NASA’s IRT publishes report on SpaceX’s CRS-7 failure

On Monday, NASA’s Independent Review Team (IRT) published the first public report on the SpaceX CRS-7 failure. The accident occurred on June 28th, 2015 when a Falcon 9 rocket’s second stage experienced an over-pressurization event during first stage ascent. The incident led to a launch vehicle failure approximately two minutes and nineteen seconds into flight. SpaceX blamed the accident on a manufacturing defect involving a steel strut. However, the IRT report blames a design error on SpaceX’s behalf.

Through NASA’s Commercial Resupply Services (CRS) program, SpaceX is contracted to resupply the International Space Station using its Falcon 9 rocket and Dragon spacecraft.

CRS-7 was the nineteenth flight of the Falcon 9 and the first to have a catastrophic anomaly.

At approximately 14:21 UTC on June 28th, 2015 the Falcon 9 lifted off from Space Launch Complex 40 (SLC-40) at Cape Canaveral Air Force Station. For the first two minutes of flight, everything appeared nominal, and there were no indications of any problems.

Then, at approximately T+2:19 into first stage flight gas was seen coming out of the second stage. Within milliseconds the vehicle begins to disintegrate and telemetry was lost.

However, the Dragon capsule which was mounted on top of the rocket detached during the anomaly and remained intact. It continued to report telemetry until it crashed into the ocean.

Due to Dragon surviving the launch vehicle breakup, additional software coding was added to future Dragons – according to Elon Musk – to allow them to deploy their chutes and potentially survive such an incident.

According to the IRT report published by NASA, immediately after the incident “SpaceX established an Accident Investigation Team (AIT) in accordance with its own, FAA approved contingency response plan, and consistent and compliant with the NASA Contingency Action Plan.”

Additionally, on July 2nd, 2015, “the NASA Associate Administrator for Human Exploration and Operations designated the Launch Services Program (LSP) to be the coordinating Program within NASA to interface with the SpX CRS-7 accident investigation. The LSP would provide the required insight for the three directorate programs that interface with SpaceX for its launch services: the LSP, the Commercial Crew Program and the ISS Program.”

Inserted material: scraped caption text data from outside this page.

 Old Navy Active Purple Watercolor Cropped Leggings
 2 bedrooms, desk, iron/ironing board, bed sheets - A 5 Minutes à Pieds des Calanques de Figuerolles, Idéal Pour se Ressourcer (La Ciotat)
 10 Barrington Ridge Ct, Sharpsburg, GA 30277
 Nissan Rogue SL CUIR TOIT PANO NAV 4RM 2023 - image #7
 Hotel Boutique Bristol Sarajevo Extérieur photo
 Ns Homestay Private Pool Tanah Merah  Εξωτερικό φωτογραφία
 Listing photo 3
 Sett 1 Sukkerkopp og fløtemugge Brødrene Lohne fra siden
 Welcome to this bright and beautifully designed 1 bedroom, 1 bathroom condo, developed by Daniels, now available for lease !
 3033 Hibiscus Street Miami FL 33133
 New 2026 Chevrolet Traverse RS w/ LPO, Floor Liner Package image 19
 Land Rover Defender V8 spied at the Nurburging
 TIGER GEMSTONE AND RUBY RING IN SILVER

Then, on August 3rd, 2015 the LSP was designated as NASA’s IRT for the investigation. The IRT was given the following key objectives:

  • Independently determine the cause of the failure
  • Ensure the proper corrective measures are taken
  • “Validate the SpaceX AIT efforts”
  • “Inform the Agency’s risk posture in order to support SpaceX’s return-to-flight activities.”
  • Make recommendations to enhance reliability

After spending thousands of hours analyzing the over 3,000 telemetry channels, SpaceX published its initial findings on July 20th, 2015. It noted that the anomaly occurred very quickly with only 0.893 seconds passing between the first sign of an issue and loss of telemetry.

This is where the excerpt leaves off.